America is taking actions against the Chinese telecom equipment giant Huawei, and asking rest of the West to follow suit.
How did things reach such a point? How dangerous really is Huawei, and how should India secure its interests in all of this?
Recently, after many years of whispers, allegations, and mistrust on hardware belonging to telecom equipment, the US government formally made its case against Chinese hardware and technology giant, Huawei. The allegations as well as charges on Huawei in different geographies over time have ranged from possibilities of existence of spyware, malware, trapdoor, IP violations, reverse engineering, to wire frauds and violation of Iranian sanctions. All of them have been naturally and constantly denied by the company and its country of origin, China.

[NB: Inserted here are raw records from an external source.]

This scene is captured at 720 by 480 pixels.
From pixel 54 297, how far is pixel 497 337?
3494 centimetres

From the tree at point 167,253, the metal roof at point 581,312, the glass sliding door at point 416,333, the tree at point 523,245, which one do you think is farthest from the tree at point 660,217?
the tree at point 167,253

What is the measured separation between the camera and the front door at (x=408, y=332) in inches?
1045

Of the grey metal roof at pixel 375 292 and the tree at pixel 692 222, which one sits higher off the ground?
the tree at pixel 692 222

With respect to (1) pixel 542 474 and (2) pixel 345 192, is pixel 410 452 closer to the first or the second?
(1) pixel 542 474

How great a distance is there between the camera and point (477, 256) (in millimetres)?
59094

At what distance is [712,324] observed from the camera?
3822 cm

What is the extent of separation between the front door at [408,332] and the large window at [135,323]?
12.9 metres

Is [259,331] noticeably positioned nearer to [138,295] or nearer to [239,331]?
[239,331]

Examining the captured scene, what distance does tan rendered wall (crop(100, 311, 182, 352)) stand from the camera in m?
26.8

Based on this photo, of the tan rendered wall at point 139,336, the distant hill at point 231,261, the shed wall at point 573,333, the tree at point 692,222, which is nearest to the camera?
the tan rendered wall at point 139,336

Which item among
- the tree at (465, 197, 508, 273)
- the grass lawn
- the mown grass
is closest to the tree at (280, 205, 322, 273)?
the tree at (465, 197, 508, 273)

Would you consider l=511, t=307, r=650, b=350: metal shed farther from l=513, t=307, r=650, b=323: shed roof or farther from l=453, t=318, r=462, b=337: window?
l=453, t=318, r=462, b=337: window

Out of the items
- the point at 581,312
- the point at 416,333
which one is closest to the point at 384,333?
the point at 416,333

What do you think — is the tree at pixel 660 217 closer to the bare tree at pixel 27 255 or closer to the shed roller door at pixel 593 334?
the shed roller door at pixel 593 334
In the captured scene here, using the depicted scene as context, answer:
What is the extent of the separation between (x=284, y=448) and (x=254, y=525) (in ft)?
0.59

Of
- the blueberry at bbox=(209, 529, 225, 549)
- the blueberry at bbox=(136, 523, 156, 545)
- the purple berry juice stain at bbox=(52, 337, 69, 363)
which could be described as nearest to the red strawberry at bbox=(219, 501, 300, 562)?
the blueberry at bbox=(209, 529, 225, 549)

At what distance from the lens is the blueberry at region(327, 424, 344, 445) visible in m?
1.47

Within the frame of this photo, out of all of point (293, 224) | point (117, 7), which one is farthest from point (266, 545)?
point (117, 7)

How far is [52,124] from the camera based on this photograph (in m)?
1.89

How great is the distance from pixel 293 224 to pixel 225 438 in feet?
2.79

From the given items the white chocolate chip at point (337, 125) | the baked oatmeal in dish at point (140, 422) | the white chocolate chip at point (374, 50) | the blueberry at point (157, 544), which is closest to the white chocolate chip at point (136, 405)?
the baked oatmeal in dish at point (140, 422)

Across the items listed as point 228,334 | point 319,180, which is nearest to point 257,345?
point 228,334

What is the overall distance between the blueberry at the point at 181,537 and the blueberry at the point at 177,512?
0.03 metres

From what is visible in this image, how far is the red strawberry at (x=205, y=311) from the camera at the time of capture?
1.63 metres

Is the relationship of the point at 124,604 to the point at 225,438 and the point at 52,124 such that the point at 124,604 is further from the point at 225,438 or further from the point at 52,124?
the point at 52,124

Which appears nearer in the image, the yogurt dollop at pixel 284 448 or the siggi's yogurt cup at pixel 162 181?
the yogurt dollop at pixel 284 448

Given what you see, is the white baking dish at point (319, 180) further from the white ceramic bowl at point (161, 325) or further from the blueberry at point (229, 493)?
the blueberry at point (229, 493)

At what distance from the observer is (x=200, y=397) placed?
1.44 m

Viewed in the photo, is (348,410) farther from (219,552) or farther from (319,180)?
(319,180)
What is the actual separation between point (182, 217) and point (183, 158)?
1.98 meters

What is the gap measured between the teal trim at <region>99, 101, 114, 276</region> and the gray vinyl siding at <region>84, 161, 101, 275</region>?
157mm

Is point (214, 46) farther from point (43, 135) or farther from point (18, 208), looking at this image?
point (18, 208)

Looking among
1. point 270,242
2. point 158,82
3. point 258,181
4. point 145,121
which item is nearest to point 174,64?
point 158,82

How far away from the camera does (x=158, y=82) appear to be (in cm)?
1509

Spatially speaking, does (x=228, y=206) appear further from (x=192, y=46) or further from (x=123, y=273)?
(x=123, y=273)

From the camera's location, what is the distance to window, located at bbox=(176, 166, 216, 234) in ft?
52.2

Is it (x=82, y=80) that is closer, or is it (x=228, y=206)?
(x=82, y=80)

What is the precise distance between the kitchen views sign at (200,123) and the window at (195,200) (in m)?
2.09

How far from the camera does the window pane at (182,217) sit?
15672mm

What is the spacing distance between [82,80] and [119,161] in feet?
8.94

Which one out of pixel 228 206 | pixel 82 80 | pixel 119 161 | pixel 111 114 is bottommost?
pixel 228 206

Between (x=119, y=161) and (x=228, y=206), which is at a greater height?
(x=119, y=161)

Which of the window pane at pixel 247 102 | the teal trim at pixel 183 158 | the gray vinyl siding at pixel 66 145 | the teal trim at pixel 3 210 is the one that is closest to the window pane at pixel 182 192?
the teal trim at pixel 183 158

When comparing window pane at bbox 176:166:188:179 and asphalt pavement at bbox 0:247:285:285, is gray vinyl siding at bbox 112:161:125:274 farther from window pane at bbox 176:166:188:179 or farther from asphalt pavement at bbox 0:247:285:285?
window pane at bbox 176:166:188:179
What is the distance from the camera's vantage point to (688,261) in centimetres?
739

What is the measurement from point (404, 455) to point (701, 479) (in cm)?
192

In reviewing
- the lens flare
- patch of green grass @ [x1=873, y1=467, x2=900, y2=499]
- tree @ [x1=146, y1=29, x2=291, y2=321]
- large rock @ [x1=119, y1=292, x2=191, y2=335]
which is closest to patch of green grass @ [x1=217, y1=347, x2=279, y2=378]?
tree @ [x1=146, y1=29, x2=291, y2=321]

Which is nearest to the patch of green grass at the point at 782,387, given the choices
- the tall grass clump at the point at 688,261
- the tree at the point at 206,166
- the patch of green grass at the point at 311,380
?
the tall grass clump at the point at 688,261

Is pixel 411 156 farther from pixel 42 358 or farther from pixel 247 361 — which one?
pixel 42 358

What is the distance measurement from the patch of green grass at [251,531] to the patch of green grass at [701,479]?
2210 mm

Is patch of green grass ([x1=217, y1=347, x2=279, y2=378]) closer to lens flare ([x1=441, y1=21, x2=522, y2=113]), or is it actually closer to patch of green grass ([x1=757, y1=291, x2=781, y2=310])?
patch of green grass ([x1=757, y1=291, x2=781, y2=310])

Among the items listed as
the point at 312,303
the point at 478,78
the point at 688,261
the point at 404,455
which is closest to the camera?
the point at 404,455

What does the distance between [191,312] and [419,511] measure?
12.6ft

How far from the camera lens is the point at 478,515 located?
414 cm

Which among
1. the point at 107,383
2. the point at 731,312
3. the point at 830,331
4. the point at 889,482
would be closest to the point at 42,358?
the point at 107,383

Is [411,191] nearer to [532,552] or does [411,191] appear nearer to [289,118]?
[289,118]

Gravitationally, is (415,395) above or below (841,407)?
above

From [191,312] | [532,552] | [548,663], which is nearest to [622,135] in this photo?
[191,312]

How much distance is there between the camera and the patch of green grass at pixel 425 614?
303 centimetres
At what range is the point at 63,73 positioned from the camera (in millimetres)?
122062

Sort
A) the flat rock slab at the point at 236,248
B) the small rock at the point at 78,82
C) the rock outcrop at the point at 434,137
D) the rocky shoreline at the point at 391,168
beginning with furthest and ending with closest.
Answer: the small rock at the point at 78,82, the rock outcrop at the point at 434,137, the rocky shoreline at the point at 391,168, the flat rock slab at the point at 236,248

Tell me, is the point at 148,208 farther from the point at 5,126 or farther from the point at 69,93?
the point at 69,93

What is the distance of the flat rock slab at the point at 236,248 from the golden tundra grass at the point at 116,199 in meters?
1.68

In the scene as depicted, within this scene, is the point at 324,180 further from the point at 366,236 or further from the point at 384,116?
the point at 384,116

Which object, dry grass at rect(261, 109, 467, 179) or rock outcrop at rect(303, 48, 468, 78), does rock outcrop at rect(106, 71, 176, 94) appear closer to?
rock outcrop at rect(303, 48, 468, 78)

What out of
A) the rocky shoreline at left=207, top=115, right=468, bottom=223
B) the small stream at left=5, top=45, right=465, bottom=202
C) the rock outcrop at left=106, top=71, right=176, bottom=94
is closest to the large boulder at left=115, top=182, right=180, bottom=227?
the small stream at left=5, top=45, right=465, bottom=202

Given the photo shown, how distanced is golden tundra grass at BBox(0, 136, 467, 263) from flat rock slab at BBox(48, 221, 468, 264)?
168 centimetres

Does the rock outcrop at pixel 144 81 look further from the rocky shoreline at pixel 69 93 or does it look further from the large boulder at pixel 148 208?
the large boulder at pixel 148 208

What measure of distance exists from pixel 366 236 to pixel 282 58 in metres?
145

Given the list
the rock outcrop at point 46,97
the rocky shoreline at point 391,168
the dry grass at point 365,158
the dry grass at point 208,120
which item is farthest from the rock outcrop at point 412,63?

Huawei is a privately held company that was founded in 1987 by Ren Zhengfei with just $5,000. According to Zhengfei’s Wikipedia page, Ren Zhengfei attended the Chongqing University in the 1960s and then joined the People's Liberation Army (PLA) research institute to work as a military technologist in the PLA's Information Technology Research Unit. He retired from the army due to a large PLA workforce reduction which impacted 500,000 active duty personnel.
Such ties with the Chinese military have been often cited by many governments for placing restrictions on Huawei. These even led to the collapse of Huawei's efforts to buy 3Com and forced SoftBank to sever ties with Huawei. Softbank had to do this in order to have its takeover of Sprint Nextel acquire US national-security clearance. In the United Kingdom, the Intelligence and Security Committee has recommended the removal of Huawei's equipment due to spying fears.
Huawei surpassed Ericsson to become the number one global seller of network gear in 2017. It currently supplies 45 of the top 50 global phone companies and has signed contracts with 30 carriers to test its next-generation technology. The Huawei smartphone is the world's second largest in terms of market share and the company also prides in being one of the biggest developers of fifth-generation telecom technology along with Nokia and Ericsson.
Now let us examine the reasons why companies with Chinese origin seem to be facing the heat across the globe today.
To begin with, it appears fundamentally to be an issue of trade imbalance but there is something more that is seemingly causing a sense of mistrust. Companies like Huawei are already facing trouble in Australia, Britain, New Zealand, Poland and after the US news, the Czech republic is said to be planning to exclude it from a critical government tender.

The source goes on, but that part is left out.